Maria knew some bloodbending too, as should any bender in the forest, it was really fundamentally no different from moving a vine or a leaf, just you had to overpower the opponents barrier of chi first, most animals its was minuscule. She could tell this snake had been broken like a stallion to bloodbending and that was their greatest strength and also their greatest weakness.

Maria jumped back and stood on the water surface as the snake was sent towards her, she extended her mind and her thoughts, the snakes weakened chi barrier making it the perfect puppet also opened him up like a book. She could sense the liquids of his inner body moving, and then she asked for forgiveness as he darted towards her, in the split second it took for him to dart, she lowered herself a foot lower into the river and raised her finger to the snake as it crossed above her head. She placed a single finger along its underside and willing the blood within to cross the already weakened threshold, the fast movement of the snake caused this one spot to be dragged across the body of the snake, slicing his stomach clean open. 

Blood poured out of the snake and atop Marias body, covered in blood she looked up and stared down at the man on the raft.

She raised her hands and wiggled her fingers, the blood slowly rising off her body into small dart shaped bullets.
"You done fucked up now!"


----------



## Ranma Saotome (Aug 14, 2012)

*Zidane Ziggy​*
*Rain Forest - South America​*
*Rejoice, widows, you've been avenged~*​
There were a few ways to tell that Maria was faring well for herself.

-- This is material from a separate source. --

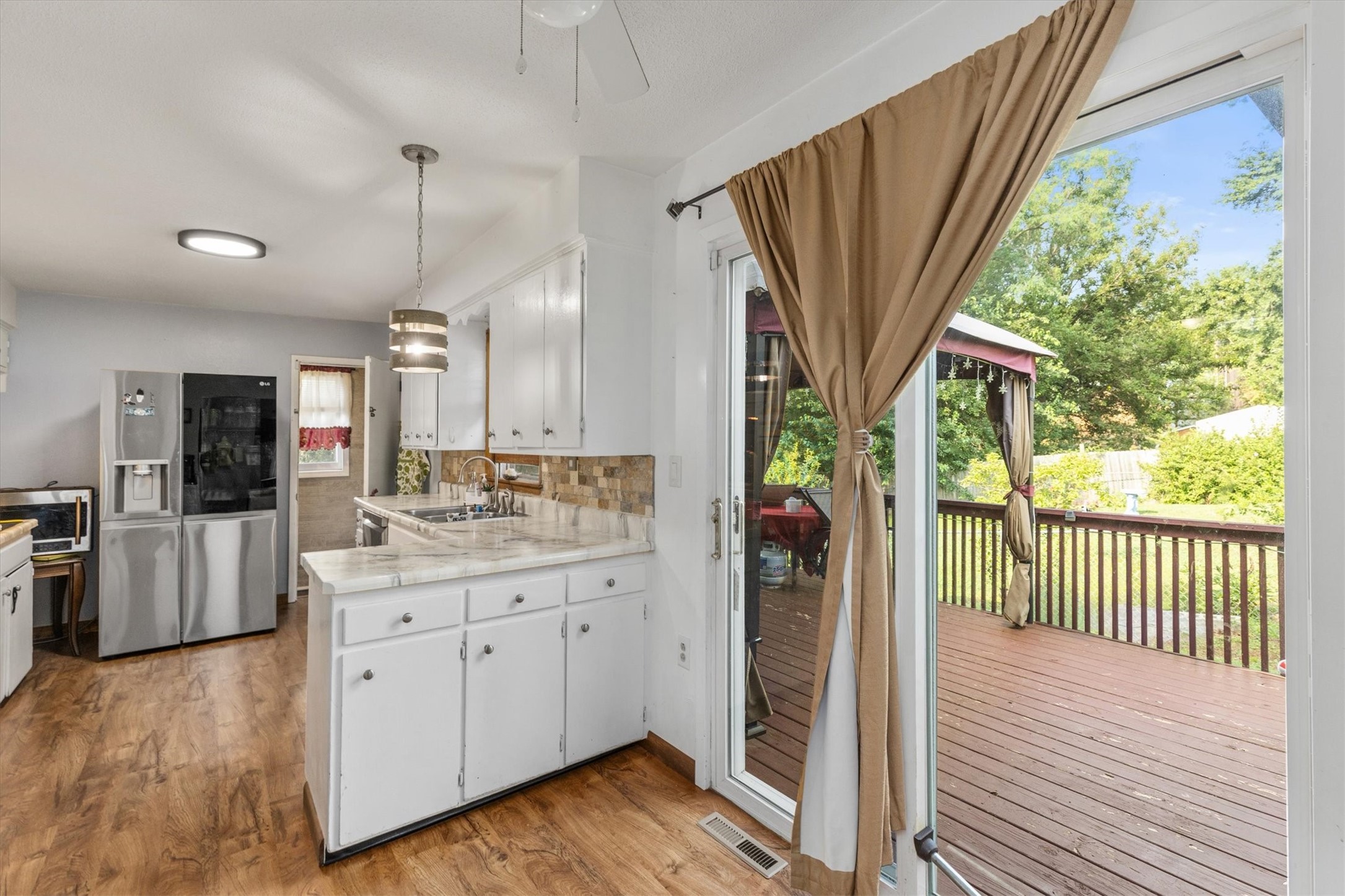 806 Bell Avenue Property Photo 19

One was the blood that came down the stream. His locks flailed behind him as he arrived noticing the man holding Zii like a hostage. Maria was prepared to attack him.. and he looked to be a coward of sorts. Well then.. he should make it easier for his dear friend. Pretending to stretch, wind circled around and slammed into Zii, knocking her from in front of the blood bender. "Oops."

Kicking off of the branch to launch himself skyward, another kick was angled by Zy twisting himself horizontally in midair. It made the wind that obediently followed his leg swoop upwards, and collide safely with Zii, springing her skyward. Catching the girl in his arms, he eyed his daughter carefully, checking her for injuries. "Still asleep, huh? Crazy brat." He muttered while idly swinging the girl over a shoulder. Up ahead, as Zy descended, he spotted something nasty. Landing on a small sphere of swirling wind, Zy stood beside Maria, the coat tail of the trench coat she wore flapping roughly now.

"I am sorry!" Lied the blood bender. "I am just a punk bitch!" The Blood Bender cried. He was nowhere near as skilled as his older brother, and thus, could only bend animals so far... he apparently knew this battle was lost. "Spare me! I will be your servant!" If she took out the widowmaker, he feared what she'd do to him.

"Ask for his ship." Zy threw out, out of the corner of his mouth. Pausing in thought, the man greedily smiled, and said, "Oh, and any money he's carrying on 'em."  So swift fingered was Zy that while passing his brother, after slashing his chest wide open, Zy picked his pocket with gorgeous speed and grace. 

The man glared at Zy.. wondering how the asshole managed to get past his brother.. but he didn't dare risk the wrath of the Widowmaker's killer. Maria would become incredibly famous now, as the slayer of the mythological beast.


----------



## Muk (Aug 14, 2012)

Bulu Asia

Hwy 42 Day 2 Owase

A light ray of sun light dances on top Bulu's face before she opens her eyes. Though she cannot see with her eyes anymore, she still prefer opening her eyes than having her closed.

"Ahh, good morning!" Bulu says only to not have any respond. That's right, she wasn't in her home anymore, nor was she on Fuji's boat. Pondering for a moment, Bulu slaps her cheeks and then yells,

"GOOOOOOD MOOOORNING JAPAN!"

With that out of her system, she freshes herself up, packs up and heads down to the breakfast area. 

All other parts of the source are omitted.